# [RECOMMEND]Best Keyboard



## xriderx66

Which keyboards do you guys use? Why?
My favs. include Swype and SwiftKey X


----------



## dougfresh

SlideIT..Because I said so. Jk I just tried this KB and it has great options


----------



## Br1cK'd

Ultra Keyboard

Its not free, but its worth it. Completely customizable, color, key size and spacing, and a lot more, plus its got "tracing" (just like swype, but much much better), tons of language support, and a lot of features including a scrollable/customizable tools menu thats real handy.

I do like Swiftkey, and the stock kb has always been good to me, but Ultra Keyboard is where its at IMO.


----------



## dougfresh

I prefer the stock KB like B mentioned!I haven't used swipe or swift key in ages although I own swift key pro


----------



## xriderx66

Br1cK said:


> Ultra Keyboard
> 
> Its not free, but its worth it. Completely customizable, color, key size and spacing, and a lot more, plus its got "tracing" (just like swype, but much much better), tons of language support, and a lot of features including a scrollable/customizable tools menu thats real handy.
> 
> I do like Swiftkey, and the stock kb has always been good to me, but Ultra Keyboard is where its at IMO.

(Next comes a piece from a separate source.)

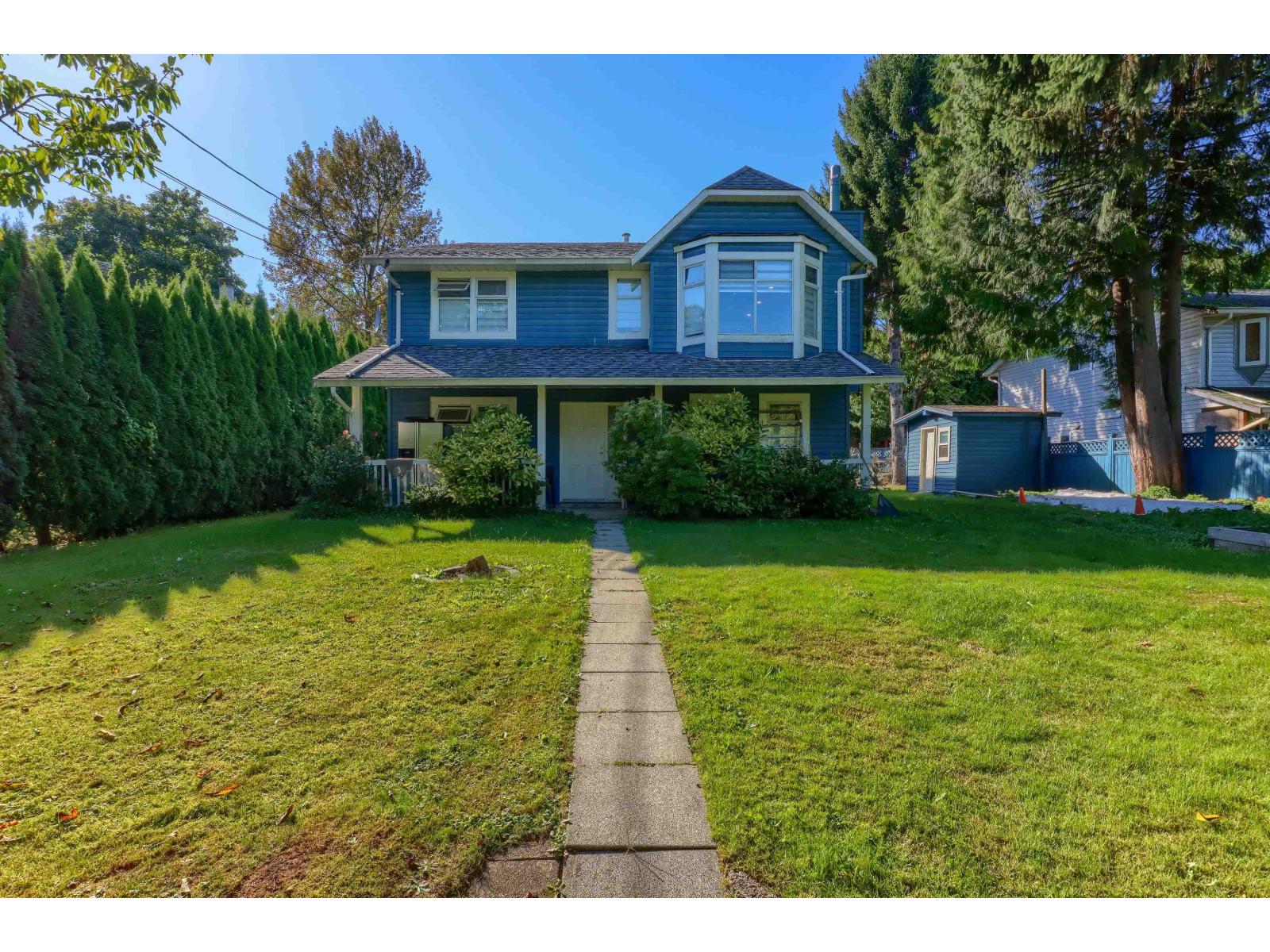 6445 King George Boulevard Property Photo 1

It's a pretty good keyboard.. I'm using the 48 hour trial right now, do you know how to disable the arrow icons at the bottom?
Also, when im in messaging app, the suggestions pretty much cover up where i'm typing, anyway to fix that? I think this would be fixed by removing the arrows, so any idea how to do that?


----------



## Br1cK'd

xriderx66 said:


> It's a pretty good keyboard.. I'm using the 48 hour trial right now, do you know how to disable the arrow icons at the bottom?
> Also, when im in messaging app, the suggestions pretty much cover up where i'm typing, anyway to fix that? I think this would be fixed by removing the arrows, so any idea how to do that?


Yep yep, you can remove the arrows in Settings - General - Arrow keys (mine is set to never).

Also, to adjust the size of the suggestions, adjust the size of the toolbar in Settings - Toolbar - Height, and that will also shrink the suggestions.

Tons of options with this one, its easy to get lost your first few times through it. Once you get it dialed in though, its butter.

Sent from my ICZen Experience


----------



## wharfwreath

I like Swiftkey X, it has the best predictions from the keyboards I have tried out.


----------



## gh0stdata

i seem to dislike swipe, i just cant get used to it. im using the regular ics keyboard and i can type without looking at the phone


----------



## eyethinkikn0wu

I used swype initially then switched over to swift key and never went back. I enjoy using swiftkey because of the best predictions it gives me. Swype doesn't do that as well and has a lot of errors when swiping.

Haven't tried out ultra keyboard, but it sounds pretty good. Does it have the same predictions that swiftkey offers?

Sent from my ADR6425LVW using Tapatalk 2


----------